His interview did provide another insight into what went on during the years of madness. He told Mary Wilson that banks came to him, saying, "we'll give you the money. Would you like to do this, or that, or whatever the case might be?"

Banks weren't the only ones seeking him out. The Dublin Docklands Development Authority (DDDA) came to him about the Irish Glass Bottle site on the docks, which is the subject of his current woes.

The site was purchased by a consortium, including the DDDA and McNamara, for €420m in 2006. It is now reputedly worth €60m.

What was a public body like the DDDA doing getting involved in property development? The fallout from that deal is still going through a number of legal actions, the bill for which is most likely to be footed by the taxpayer.

For the banks, and apparently the DDDA, risk was a thing of the past. Developers like McNamara had a midas touch which allowed them to turn muck into gold. They were masters of all they surveyed and treated accordingly by anybody else who was seeking out a slice of the action.

While banks were falling over themselves to lend billions, the government was ensuring that nothing would stand in the way of these nation builders.

Tax breaks were provided to "incentivise" developers. In 2001, Charlie McCreevy introduced a provision that allowed some developers to pay only the standard rate of tax on their earnings. The interest of the developers was confused, either by accident or design, with the national interest.

McNamara was ideally placed to make hay on the back of greedy bankers and a supine government. He was a former Fianna Fáil councillor, who hosted a knees-up every year at the Galway Races. In the nexus of bankers, developers and Fianna Fáil politicians, he was a serious player.

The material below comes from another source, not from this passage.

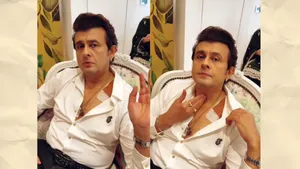 Sonu Nigam Is In Pain But Wont Leave The Stage Heres What Pinched Nerves Does To Singers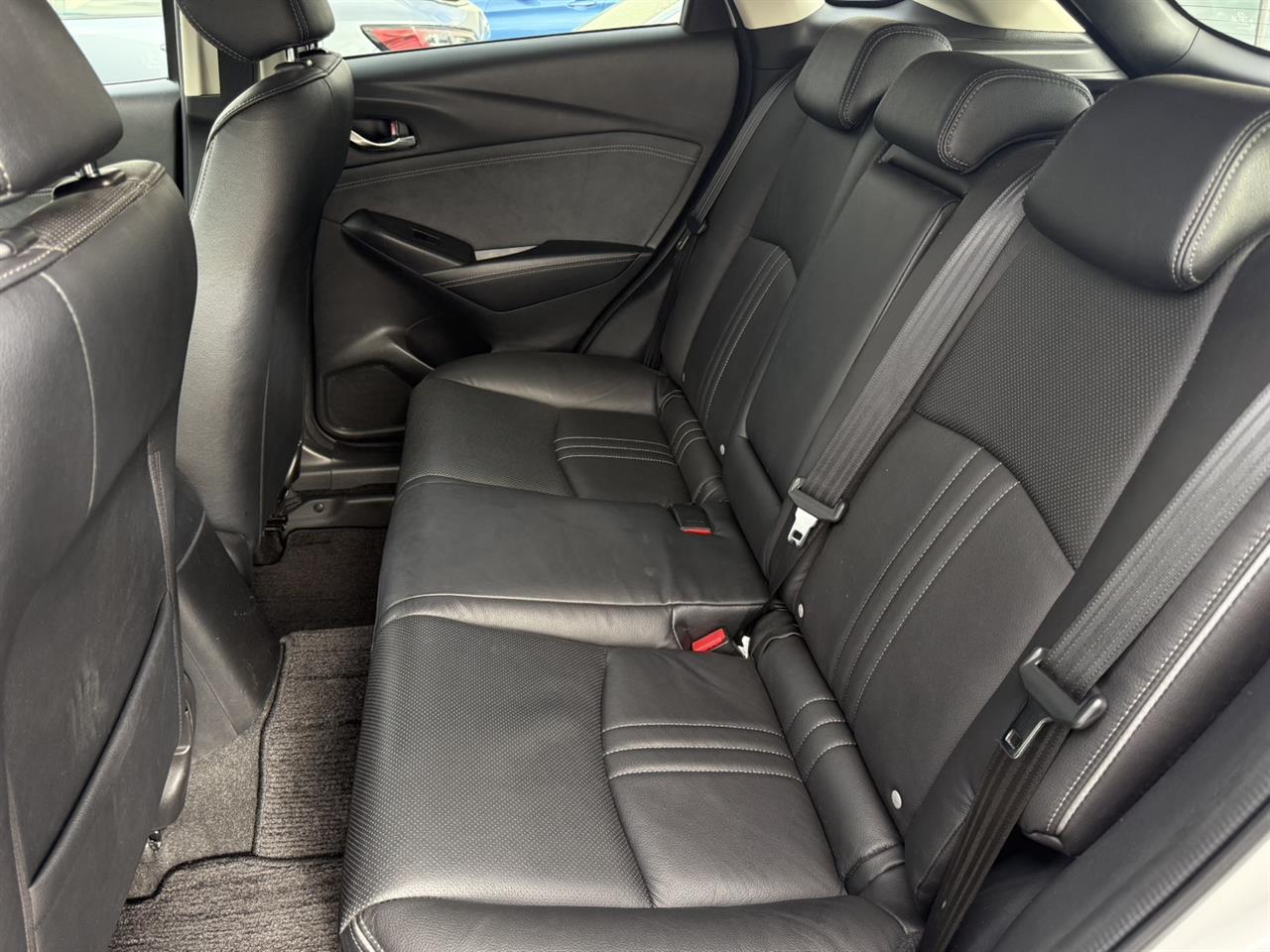 2018 Mazda CX-3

As he could do no wrong in the eyes of others, so he gambled big. The crash reintroduced him to risk and it's been a long way down.

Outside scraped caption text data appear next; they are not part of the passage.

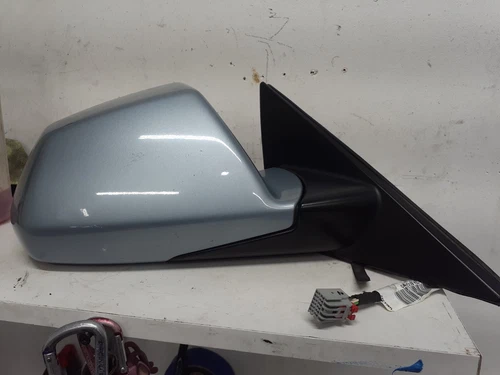 2008-2011 Cadillac CTS RH Passenger SIDE POWER MIRROR OEM
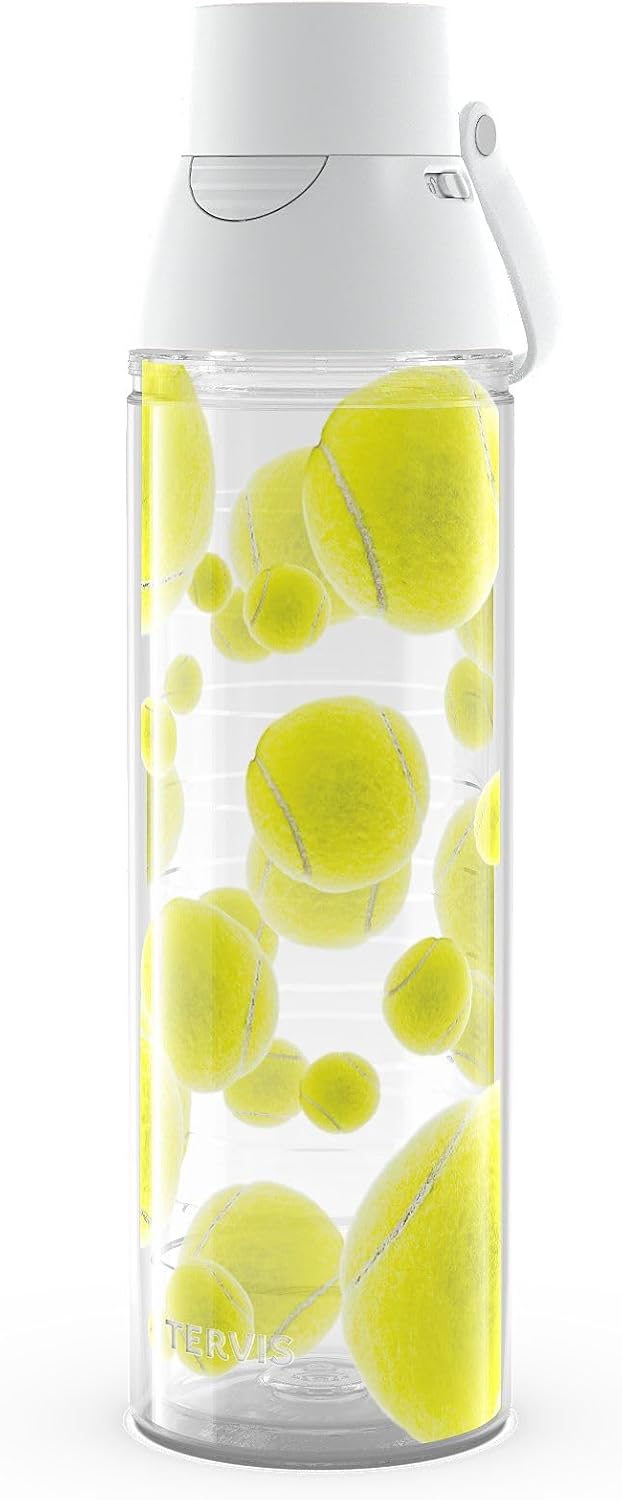 Tervis Venture Lite Insulated Tumbler - 24oz Travel Cup Keeps Drinks Hot & Cold | Classic Design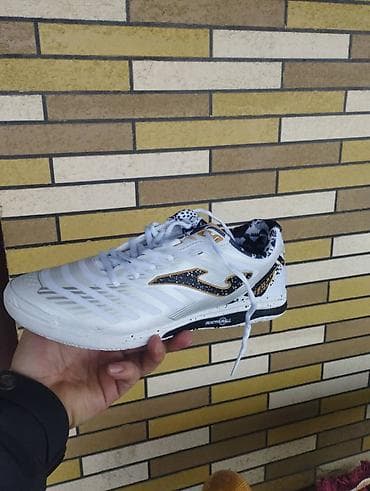 Туфли: Мужские кроссовки, 42, Joma, Новый, цвет - Белый — 3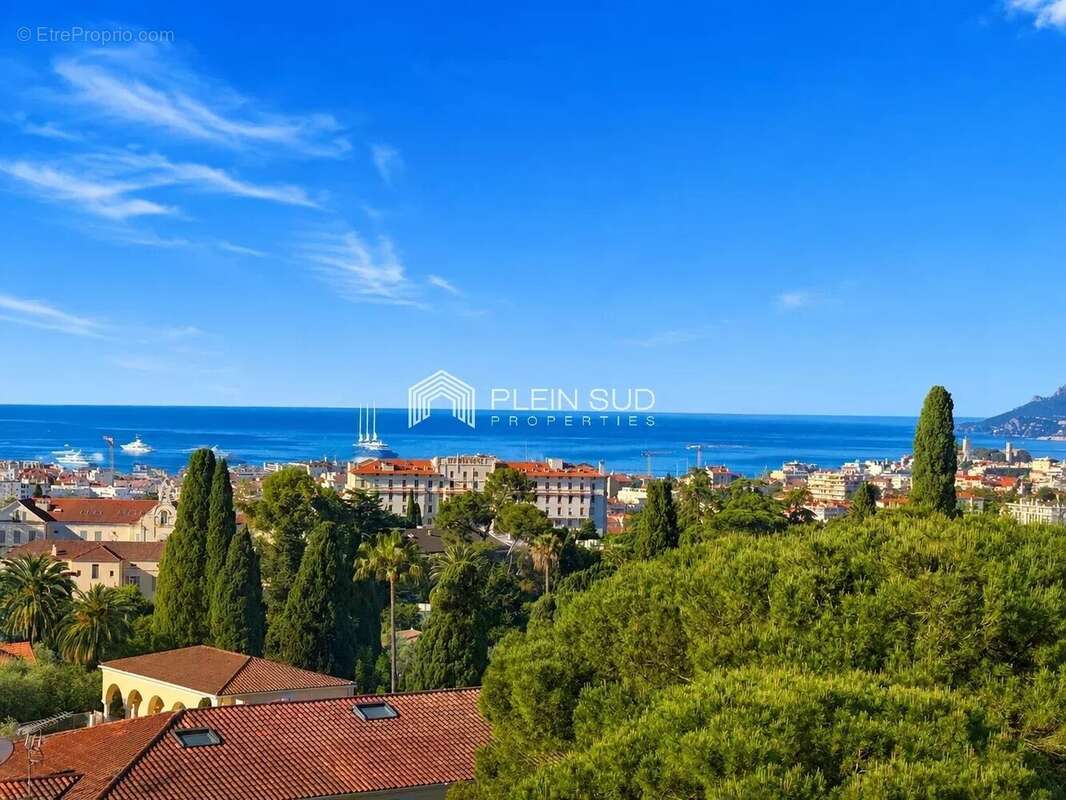 Appartement à CANNES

"I didn't cause the crash... I was hit on the road by something that no one saw was coming... All I can do is do my level best to behave with decency in the situation I am in," he told RTÉ.

The masters of the universe have been gobbled up by the ether. We are left with human beings, flawed like the rest of us, and more than many of us. McNamara said nobody saw this coming, but that is inaccurate. Those who shouted stop were shouted down. At least McNamara is facing the music, which is more than can be said for some of his fellow former masters.

If the fallout was confined to their own fortunes, that would be the end of that. But in this warped version of business, it is all citizens who are picking up the tab for the recklessness and greed. Nama is destined to haunt at least one generation.

The amazing thing is that an investigation into what went on has not already commenced. What we heard last week illustrated once more the demented impulse that seized so many who had effective control of the nation's economic destiny. Noises from the cabinet last week suggest that a proper inquiry might be initiated by the government, but the fear is that it will represent some form of a whitewash.

We need to know in detail what exactly happened, irrespective of what the results might do to the career of Brian Cowen or others.